Found throughout the year in Asian countries like India, Pakistan, Afghanistan, Nepal, Bhutan and Sri Lanka. It has relocation tendencies, which are intermittently witnessed in India, heading in a southerly direction. This is supported by the adult morphology, which was uniform across India, and also the rest of the Eastern Ghats where the butterfly also is commonly seen. No mass migrations have ever been reported from Eastern Ghats of Southern India.

 

Management Standing in Eastern Ghats

Occurs locally in breeding areas. Occasionally common in the Western Ghats areas after rains when there may be a uniform mass blooming of its food plants, rarely common in the Eastern Ghats areas.

 

Threats

Adult butterflies face threat from natural predators like birds, lizards and spiders. The organisms that destroy butterflies in different stages of their life were divided into three main categories, based on the way they feed upon the butterflies 1. Parasitoids; 2. Parasites and 3. Predators

 

Conservation Strategy

Conservation strategy of Lampides boeticus - Lycaenidae is listed in The Indian Wildlife (Protection) Act, 1972. Schedule II, Part II. This butterfly sometimes considered as pest due to the fondness of its larvae for low growing leguminous crops and vegetables. Presently there are no special polices for conservation of insects in the wildlife Sanctuaries and National parks of India. However, the control of fires and grazing in the protected areas may be the best strategy that forest departments can follow to maintain the diversity of butterflies and insects.

 

Nectar Plants

Although the males and females of the pea blue butterfly Lampides boeticus foraged on several plant species in flower at the study sites, 20 plant species were identified as the preferred ones and their flowering periods were recorded (Table 1).

 

Table 1: Nectar host plants

S.No	Plant species	Flowering period
1	Hibiscus rosasynensis L.	Throughout year
2	Zizyphus mauritiana Lamk.	Aug to Oct.
3	Z. oenoplia Mill	Aug to Oct
4	Z. xylopyrus Wild	Jun to Aug
5	Pongamia glabra Vent.	Apr to Jun
6	Tridax procumbens L.	Throughout year
7	Jasminum angustifolium. Wild.	Jun to Aug
8	Nerium odorum L.	Throughout year
9	Lantana camara L.	Throughout year
10	Duranta repens L.	Jun to Dec
11	Ficus religiosa	May to Aug
12	Ficusbenghalensis	May to Aug
13	Citrus lemon	April to July
14	Mangifera indica	March to Jun
15	Calotropis gigantia	Throughout the year
16	Calotropis procera	Throughout the year
17	Cassia alata	Jul to Dec
18	Cassia siamea	Jul to Dec
19	Cassia fistula	Jul to Dec
20	Cassia occidentalis	Jul to Dec

 

Table 2: Duration of different stages of Lampides boeticus during different seasons of of the year Vigna trilobata (L.)
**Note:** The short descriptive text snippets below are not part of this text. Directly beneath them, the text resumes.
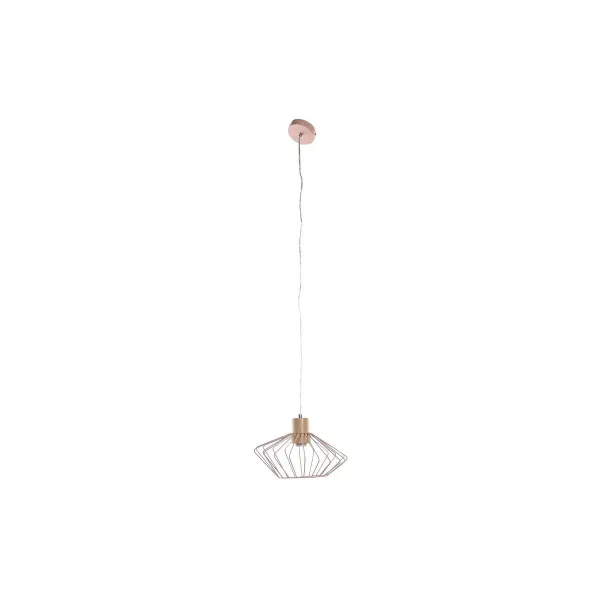 Ceiling Light DKD Home Decor 34 x 34 x 21 cm Silver Black Grey Pink Metal White 50 W 60 W Pinewood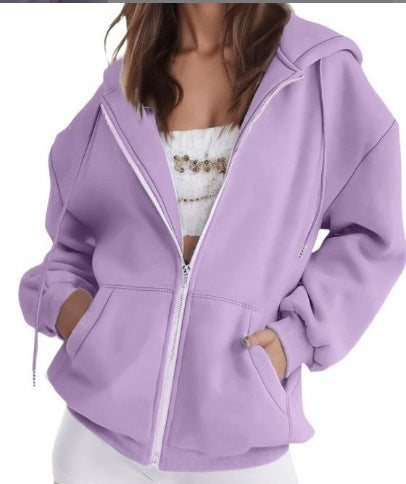 Dame oversized hoodie jakke med praktiske lommer Skovae
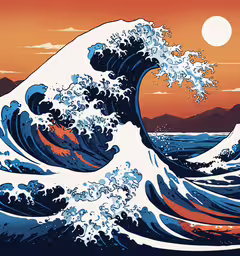 the great wave of kanji,an orange sky and ocean with waves crashing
Season	Egg (Days)	Ist Instar	IInd Instar	IIIrd Instar	IVth Instar	Pre-Pupa	Pupa	Total life cycle duration (Days)
Pre Monsoon (May-June)	2-3	2-3	2-3	2-3	2-3	2-3	3-4	15-22
Post Monsoon (Oct-Nov)	3-4	3- 4	3-4	3-4	3-4	3-4	4-5	22-29

 

Table 3a: Morphometric measurements of different stages of Lampides boeticus during season of the year Vigna trilobata (L.)
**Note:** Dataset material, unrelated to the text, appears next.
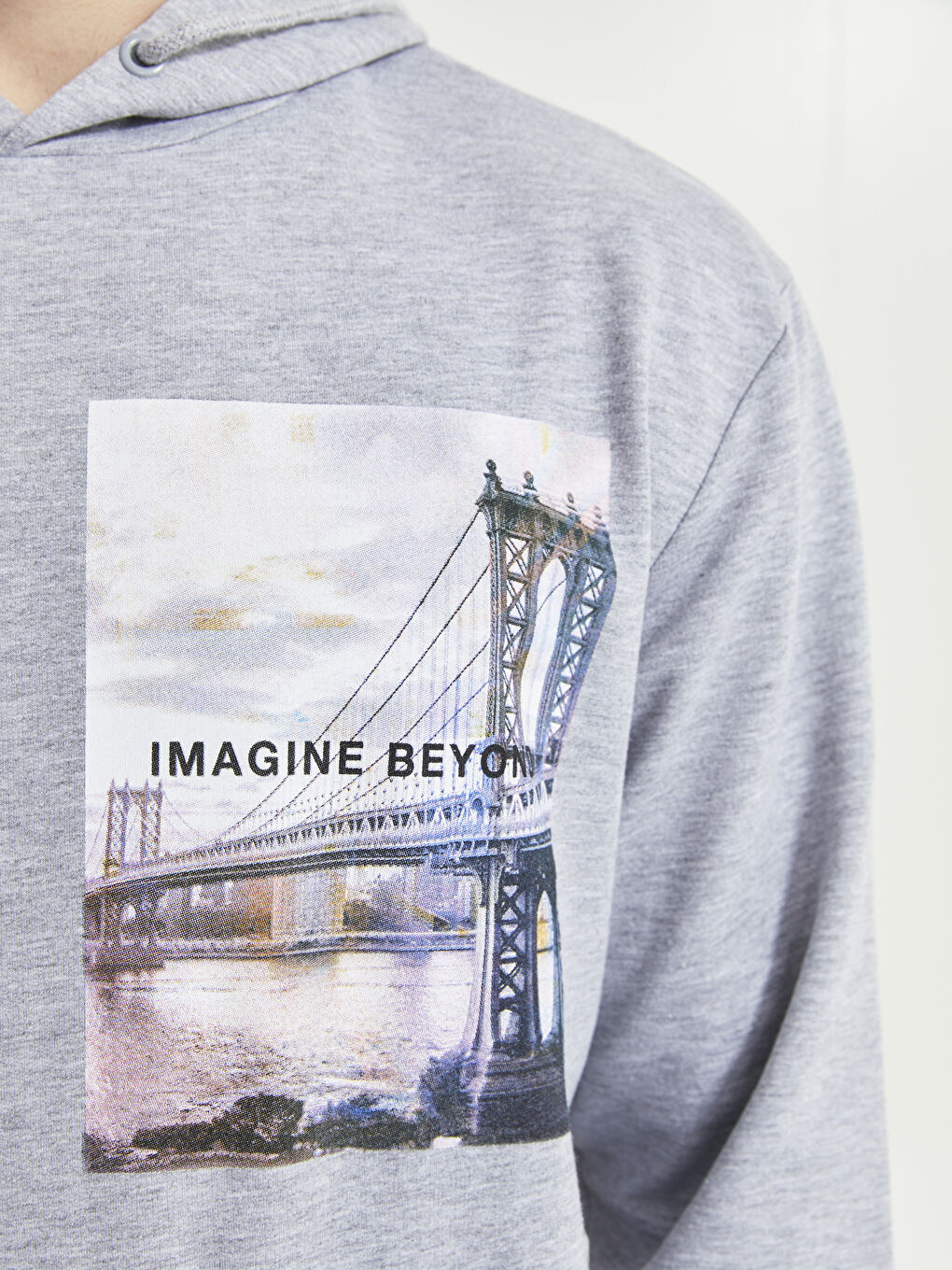 Gri Oversize Uzun Kollu Baskılı Erkek Hoodie-3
Egg	Ist instar	IInd Instar	IIIrd Instar	IVth Instar	Pupa
0.6-0.7 mm	1.0 – 1.3 mm	2.0-3.0 mm	3.0 – 3.5 mm	5.0-8.0 mm	10.0-11.0 mm

 

Table 3b: Population index of eggs of Lampides boticus on Vigna trilobata (L.) buds in the filed

Calendar month	Adult abundance	Number of eggs
May Jun July August September October November December January February March April	Common Common Common Very Common Very Common Very Common Very Common Very Common Common Common Common Common	06 08 11 16 27 13 14 11 7 6 4 3

 

Ovipostion Host Plants

Although the pea blue butterfly is known to feed on many febaceae plants including several crotalaria spp, present study found Vigna trilobata (L.) as the most desirable plant for oviposition among this butterfly population.

 

Egg Stage

Mating occurred during day time and lasted for an hour. The gravid female placed eggs singly on the sepals of the flower buds besides stalks through most of the day time , but more frequently during 1100- 1600 hr about 1-5 eggs were deposited on each flower bud. They were greenish blue in colour, which turned pale before hatching. They were turban shaped, flat on top and at bottom, depressed in the centre of the top; surface was covered with polygonal cells. They measured 0.6 – 0.7 (0.66- 0.40) mm in diameter. Hatching occurred within 2-3 days of incubation. The enclosed larva did not feed on its inner contents. It moulted four times and appeared in four instars over a period of its development (Table 3a).

 

Larval Stage

 

Instar I (c)

The 1st instar larvae after hatching, they are pale creamy in colour, this stage lasted for 2-3 days, attained a length of 1.0 -1.3 mm and a width of 0.45 – 0.65 mm. The larva in this stage was not clearly visible to the naked eye. The duration of the first instar varied from 2-3 days during Pre Monsoon (May-June) and 3-4 days during Post Monsoon (October- November) (Table 2) .

 

Instar II (d)

This stage also lasted for 2-3 days, attained a length of 2.0 - 3.0 (2.50 ± 0.40) mm and a width of 0.70 - 0.90 (0.80 ± 0.08) mm. It was brown, with a mid- dorsal dark reddish brown line. Its head was black. The duration of the second instar varied from 2-3 days during Pre Monsoon (May-June) to 3-4 days during Post Monsoon (October- November) (Table 2) this variation continued up to IV instar.

 

Instar III (e)

This stage too lasted for 2-3 days. It reached a length of 3.00 – 3.50 (3.30 ± 0.21) mm and a width of 1.00 – 1.50 (1.26 ± 0.20) mm. the larva was clearly visible in this stage. It was woodlouse shaped greenish brown hairy with mid – dorsal reddish brown line appears.

 

Instar IV (f & g)

This stage lasted for 2-3 days, grew to 5.00 – 8.00 (6.33 ± 1.24) mm in size and 1.80 – 2.50 (2.10 ± 0.94) mm in thickness. It was lemon yellow to pale green in colour, with clear segmentation. Black spots (spiracles) appeared laterally on each segment. There was no change in other characters recorded in the third instar.

 

Pupal Stage

 

Pre Pupa (h)

This stage lasted for 2-3 days. The full grown larva stopped feeding and got shortened measuring 10mm in length and 5mm in width. It was pale brown in colour. Pupation in the field took place at the bases of stems or among fallen leaves or flowers on the ground.

 

Pupa (i)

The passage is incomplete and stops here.